Skillet Bowtie Chicken with Sundried Tomatoes


3 tablespoons olive oil, divided

3 teaspoons garlic salt

½ teaspoon black pepper

2 to 3 boneless chicken breasts, cut in 1 to 2 inch pieces

½ cup diced yellow pepper

½ cup diced red pepper

2 to 3 cloves garlic, minced

2 teaspoons dried marjoram

½ cup dry white wine

1 cup chicken stock

¾ cp heavy cream

¼ cup oil packed sun dried tomatoes, diced

16 ounces bow tie pasta, cooked al dente

½ cup shredded Parmesan cheese

2 to 3 tablespoon fresh chopped basil or Italian parsley


In a large skillet heat 2 tablespoons of the oil.

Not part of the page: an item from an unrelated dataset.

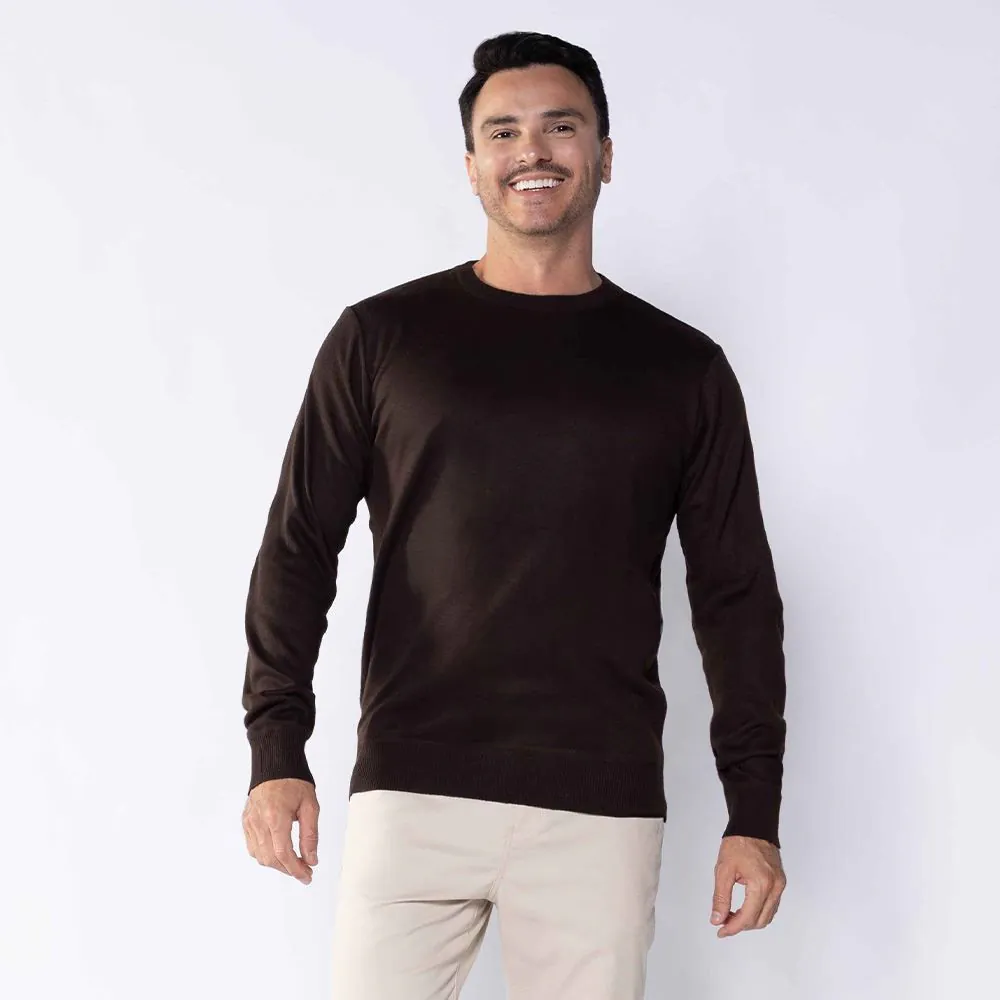 Suéter Masculino de Tricot Gola Redonda Marc Alain Marrom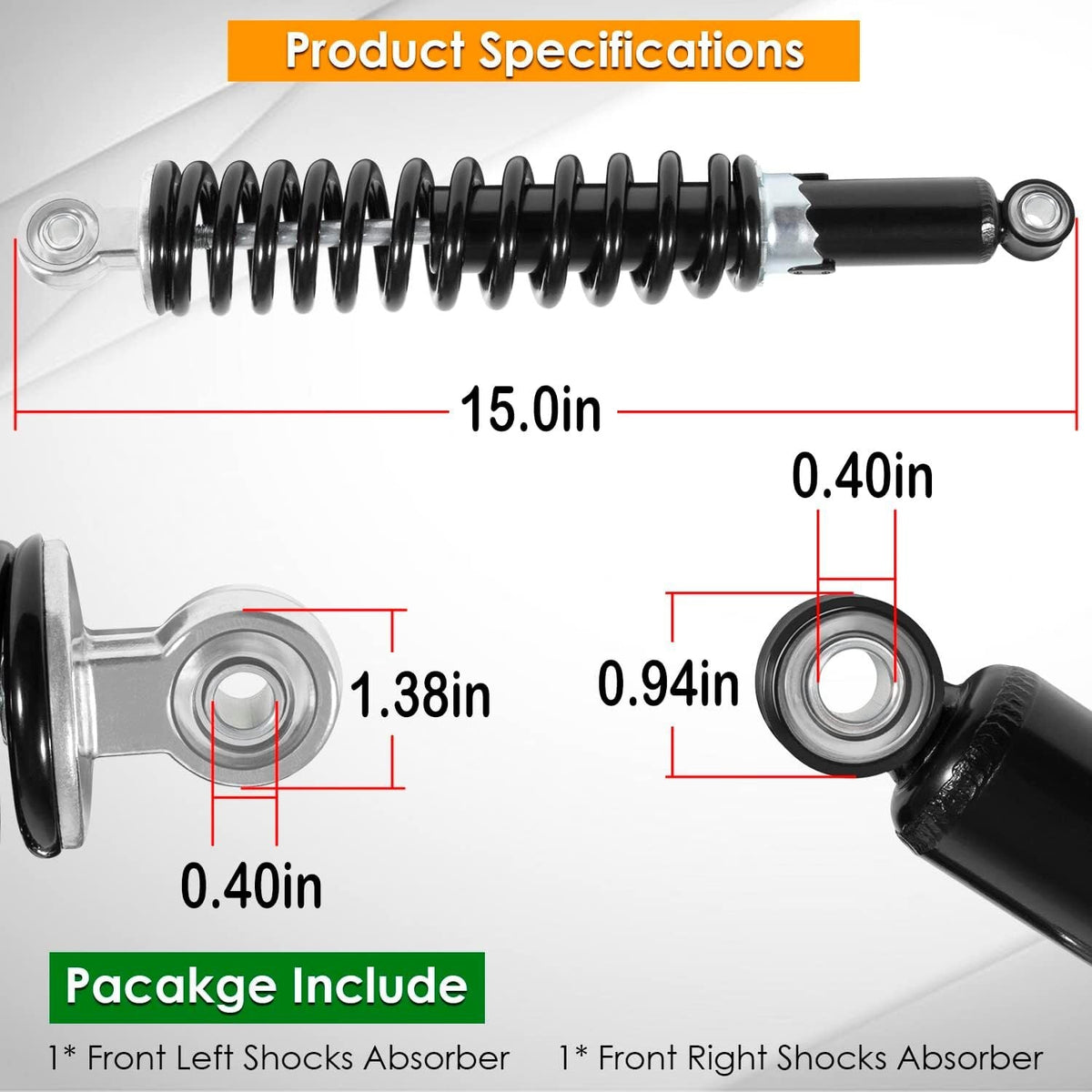 2* AM129514 Front Left & Right Shocks Absorber for John Deere Gator TE TH TS TX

Add chicken. Season it with garlic salt and pepper. Cook a few minutes until browned on both sides. Add remaining oil and peppers. Cook for another minute. Add garlic and marjoram and cook 30 seconds, stirring constantly. Add wine and chicken stock and bring to a boil. Add heavy cream and simmer a few minutes untll sauce reduces down a bit. Stir in pasta and toss to coat. Serve with Parmesan cheese and basil or parsley on top.